LEA 12. Typical approach to (proxy) voting decisions

12.1. (委任状による)議決権行使を通常どのように決定しているかを明示して下さい。



12.2. 合意された議決権ポリシーがどのように遵守されているかを概観し、ポリシーの例外が適用された場合(該当する場合)のアプローチの詳細を示してください。

The overriding principle governing our approach to voting is to act in line with our fiduciary responsibilities in what we deem to be the interests of our clients. We normally hope to support company management; however, we will withhold support or oppose management if we believe that it is in the best interests of our clients to do so.

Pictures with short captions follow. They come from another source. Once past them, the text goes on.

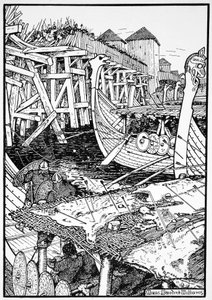 London Bridgen taistelu, 1014 1913.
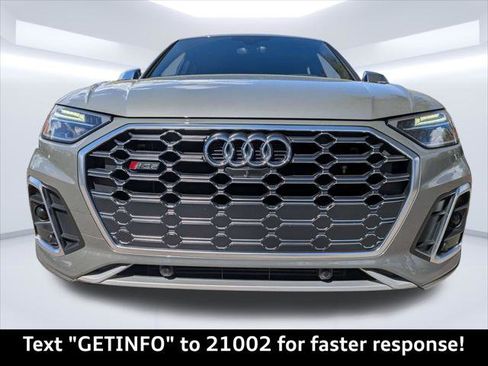 Certified 2024 Audi SQ5 Premium Plus AWD/4WD image 10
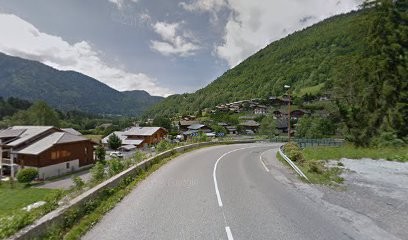 Activ'taxi, Taxi à Essert-Romand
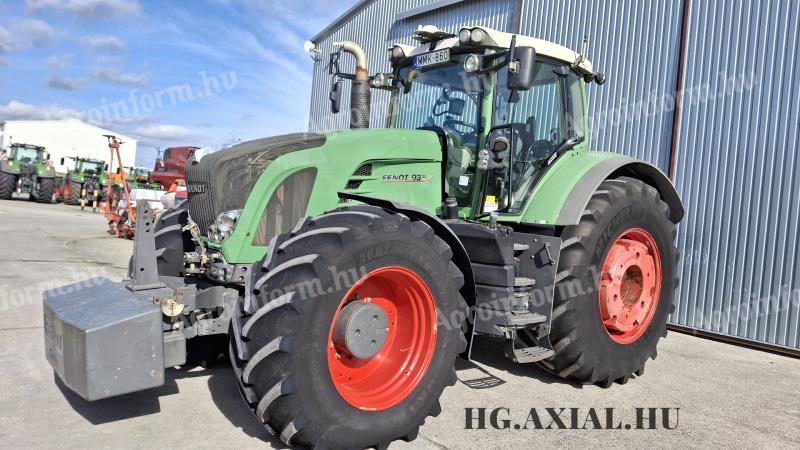 Fendt 936 Vario Traktor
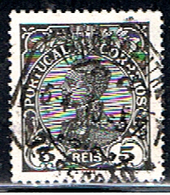 PORTUGAL 833 // YVERT 155 // 1910 - Used Stamps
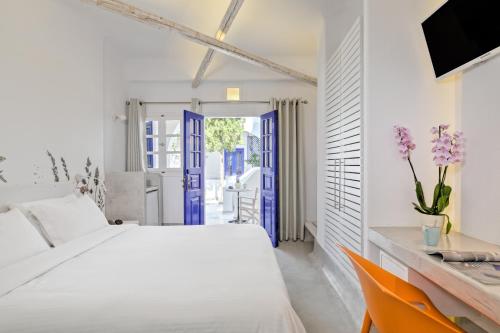 Фотография гостиницы Kouros Village Hotel - Adults Only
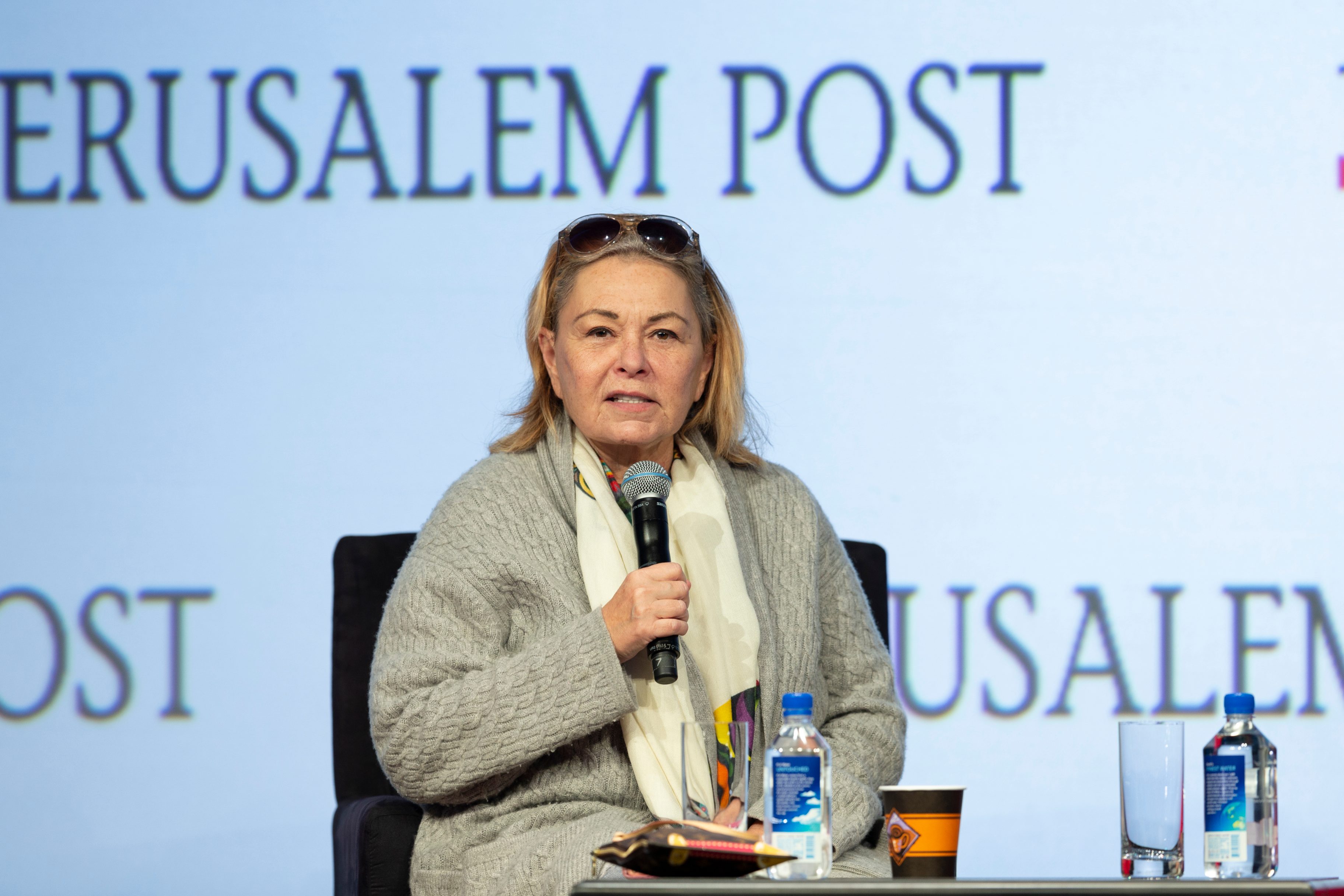 Roseanne Barr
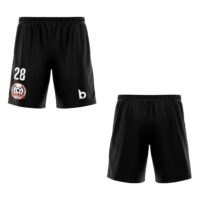 SHORT ENTRAINEMENT- NOIR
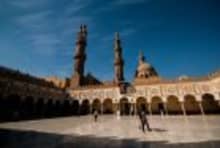 Admire panoramic city views from Mohamed Ali Mosque on your 5-Day Egypt Short Break.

We vote on a variety of resolutions issues; however the majority of resolutions target specific corporate governance issues which are required under local stock exchange listing requirements, including but not limited to: approval of directors, accepting reports and accounts, approval of incentive plans, capital allocation, reorganisations and mergers. We do vote on both shareholder and management resolutions.

It is our aim to vote on all securities. However, we refrain from voting in securities or markets where the costs and risks associated with voting outweigh the benefits. For example, requirements to reregister securities, problems with powers of attorney and the requirement to be present at the meetings, means that voting will not be undertaken unless a significant threat to shareholder value arises.

Our Corporate Governance specialists assess resolutions, applying our voting policy and guidelines (as outlined in our Environmental, Social and Governance Policy) to each agenda item. These specialists draw on external research, such as the Investment Association's Institutional Voting Information Services, the Institutional Shareholder Services (ISS), and public reporting.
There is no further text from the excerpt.